Big Data is a combination of old and new technology that helps business gain actionable insight. We can say Big Data is the capability to manage huge volume of disparate data, at the right speed, and within the right time frame to allow real-time analysis and reaction. As mentioned earlier its characteristics can be represented using three V’s
- Volume : How much data
- Variety : The various types of data
- Velocity : How fast that data is processed
Any Data set can be categorized as Big Data if only above three rules applies to that. To get the meaningful information from any business process, first all the structured and non structured data is captured then organised and finally integrated into one set to give single view. After this phase data can be analyzed based on the problem being addressed.
Let me give you a simple example, if you visit any shopping portal like Amazon, Best Buy and browse the product and then leave the site without doing and shopping. When next time you visit then based on your last visit you may see related product and discount coupon and may be due this you will buy the product. Let me explain you what happened here, when you visited first time then all your browsing behavior and interest are captured and stored and later in second visit Amazon has information about your interest and using this information amazon showed you related product and discount coupon. All this decision was done in fraction of second and it was possible with the help of Big Data Technology.
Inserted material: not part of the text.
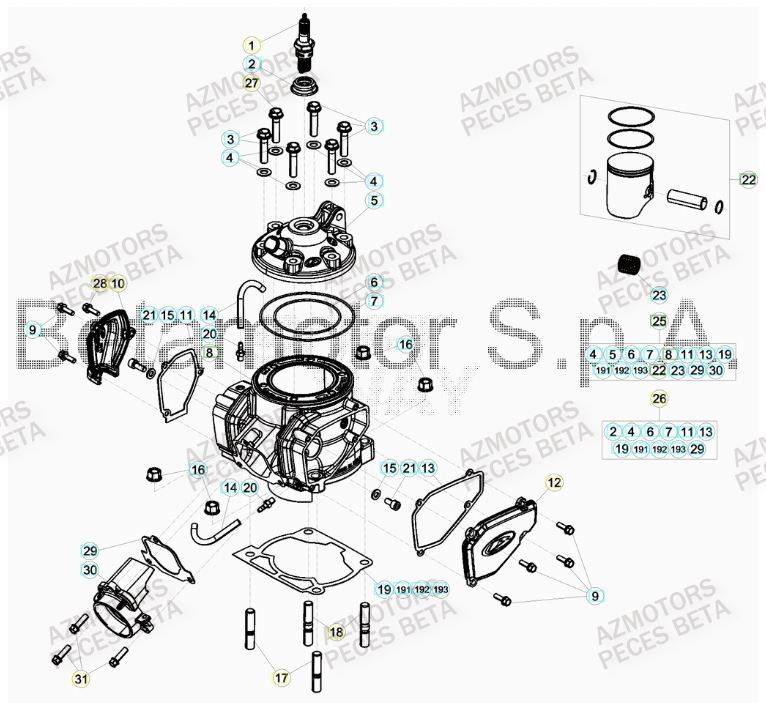 Cylindre BETA Pieces BETA RR 2T 300 RACING - (2019)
The real advancement in big data happened as companies like Yahoo!, Google, and Facebook came to the realization that they needed help in monetizing the massive amounts of data their offerings were creating. In particular, the innovations MapReduce, Hadoop, and Big Table proved to be the sparks that led to a new generation of data management. Now using these, companies like Facebook and Google are earning billions of dollar from advertising using captured user data and then targeting based on interest and behavior.
What is MapReduce, Hadoop, and Big Table?
It was designed by Google to run a set of functions against a large amount of data in batch mode. The “map” function is used to distribute task across a large number of system and manage the task in such a way that load is balanced and recoverable from failure. After these task executed on all system and computation is completed then another function “reduce” is used to aggregate all fraction of result together to give complete result.
It was also developed by Google to be a distributed storage system intended to manage highly scalable structured data. Data is organized into tables with rows and columns. Unlike a traditional relational database model, Big Table is a sparse, distributed, persistent multidimensional sorted map. It is intended to store huge volumes of data across commodity servers.
Hadoop is an open-source project of the Apache Software Foundation that can be installed on a set of standard machines, so that these machines can communicate and work together to store and process large datasets. It is derived from MapReduce and Big Table. Hadoop allows applications based on MapReduce to run on large clusters of commodity hardware. Yahoo!’s business architecture is based on Hadoop . Hadoop is designed to parallelize data processing across computing nodes to speed computations and hide latency.
Two major components of Hadoop are:
- HDFS : A massively scalable distributed file system that can support petabytes of data
- MapReduce : A massively scalable engine that computes results in batch.
Now you got the basic idea about What is Big Data, How Big Data came into picture and the main Big Data Technology. In coming days I will write detailed post about Hadoop, which is the most popular framework for BigData.
You can watch below video which will give you visual summary which i have explained above.
How Big Is Big Data?
Ok now lets come to the second question How big is big data? To give you a clear picture i will give some Big Data visualization Examples.
1. Visual Graph showing popularity of Facebook
This great visualization was created by a Facebook intern Paul Butler. He had access to Facebook’s Apache Hive database and its 500m records, and with that much amount of data result is this amazing visualization.
2. Earthquakes since 1898
Using data from NCEDC.org and the USGS and amazing visualization of Earthquakes since 1898 created by John Nelson from UXBlog
3. NASA Perpetual Ocean
Amazing video visualization of high-resolution, 3D model of the Earth’s oceans.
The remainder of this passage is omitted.